Now, I did not go to this camp expecting to go knife throwing. When I heard we were I have to admit, I was really scared. I was scared because the camp was trusting 15 teenage boys to hold 14” long, smooth, iron blades. These knives were a little heavy and to fling them full force at a wooden wall – that looked as if it could be knocked over with the next blow of the wind – seemed crazy. But I went up there and I chucked my knives at the wall and said, “Hey, this is AWESOME!” and I never worried about those knives afterwards.
Next thing was Blobbing. Imagine a bouncy house. Now imagine that bouncy house in the middle of a lake. Now imagine it with no roof. Now imagine sitting on one end of it and having another camper launch you into the air by jumping on the opposite end. That is what Blobbing is. I saw this and I said, “OH LORD JESUS! I ain’t gettin on that!”
Somehow, later that same day, I found myself on the end of that Blob and I say to myself, “What on earth am I thinking?” I had blobbed someone else, not realizing I would be shot in the air afterward. As I thought this, BAMN! Into the air I went and crashing down into the lake. And I have to say, I felt like I was a bird that was dive-bombing into a lake of really cold water. I also think that bird-like feeling was one of the most amazing things I have ever done; I took a huge risk. I mean, I was launched maybe 50 feet into the air with only a life jacket and swimming trunks on. It was CRAZY!
Then we braved a high-ropes course where we were to walk from one tree to another using a wooden plank bridge. These planks were only connected in the middle by a single cable. We were also supposed to walk across with a second person. Did I mention we were also suspended 50 ft. above the ground? It was really scary but somehow I survived and live to tell the tale.
The least comfort I felt all summer was at something called Fight Night. Imagine 150 pumped-up teens all running to an open field. All of a sudden we were given numbers in a group and were pulled to the outside of a rope arena. The counselors called a different number each time, with campers trying a different challenge concerning some sort of food. When my number – 12 – was called, I was to put my feet in a little swimming pool filled with Kool-Aid and little candy hearts. I had to grab as many candy hearts as possible in 3 minutes. I didn’t get any. But that wasn’t even the bad part.

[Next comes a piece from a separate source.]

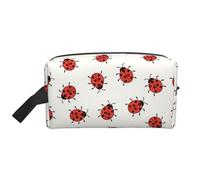 Neceser de viaje con estampado de mariquitas con estampado infinito moteado para hombre, bolsa de cosméticos de gran capacidad para mujeres, White, Talla única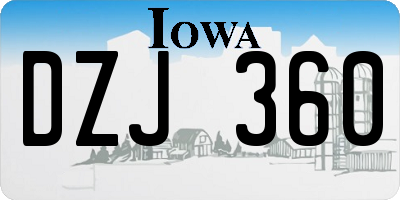 IA license plate DZJ360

For those of you who don’t know me, I don’t like to get food or sticky stuff on me. But after all of these games, the counselors came out of nowhere with buckets filled with what I think was a cinnamon and melted-chocolate mix (from what I could taste). They started throwing it by the handfuls at us. Then the counselors took orange Mountain Dew that had been sitting in the sun all day and started spraying the mass of kids. Next, our torturers came out with buckets of what I thought was powdered sugar (but from tasting it found out it was flour) and started throwing that on us all. Next came tortillas. Then, they made a huge slip n slide and everyone went down it to get a little bit of the nasty off. I crashed into about 5 people going down. Even after that, I still left Fight Night looking like I could be baked into a chocolate cake. It was completely disgusting. But I am glad I stood up against that fear and had so much fun that day.
Throughout this camp experience, I learned that sometimes if I go against what I think are my limits, I can have a lot of fun. I also followed what my grandfather said: “Live life to the fullest, Jus.” I will Papa. I promise.